But, at night, the Cross of the South appears no more. And other changes come, as day succeeds to day,—a lengthening of the hours of light, a longer lingering of the after-glow,—a cooling of the wind. Each morning the air seems a little cooler, a little rarer;—each noon the sky looks a little paler, a little further away—always heightening, yet also more shadowy, as if its color, receding, were dimmed by distance,—were coming more faintly down from vaster altitudes.
... Mademoiselle is petted like a child by the lady passengers. And every man seems anxious to aid in making her voyage a pleasant one. For much of which, I think, she may thank her eyes!
X
A dim morning and chill;—blank sky and sunless waters: the sombre heaven of the North with colorless horizon rounding in a blind grey sea.... What a sudden weight comes to the heart with the touch of the cold mist, with the spectral melancholy of the dawn;—and then what foolish though irrepressible yearning for the vanished azure left behind!
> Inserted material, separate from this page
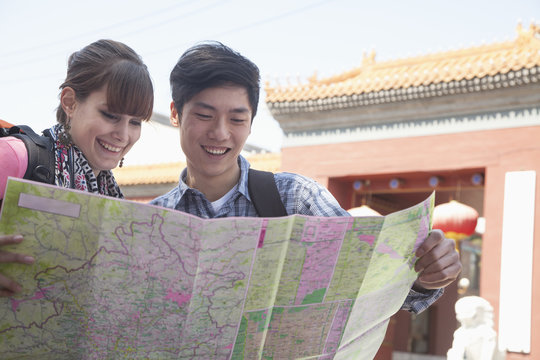 Young Couple Looking At Map.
... The little monkeys twitter plaintively, trembling in the chilly air. The parrots have nothing to say: they look benumbed, and sit on their perches with eyes closed.
... A vagueness begins to shape itself along the verge of the sea, far to port: that long heavy clouding which indicates the approach of land. And from it now floats to us something ghostly and frigid which makes the light filmy and the sea shadowy as a flood of dreams,—the fog of the Jersey coast.
At once the engines slacken their respiration. The Guadeloupe begins to utter her steam-cry of warning,—regularly at intervals of two minutes,—for she is now in the track of all the ocean vessels. And from far away we can hear a heavy knelling,—the booming of some great fog-bell.
... All in a white twilight. The place of the horizon has vanished;—we seem ringed in by a wall of smoke.... Out of this vapory emptiness—very suddenly—an enormous steamer rushes, towering like a hill—passes so close that we can see faces, and disappears again, leaving the sea heaving and frothing behind her.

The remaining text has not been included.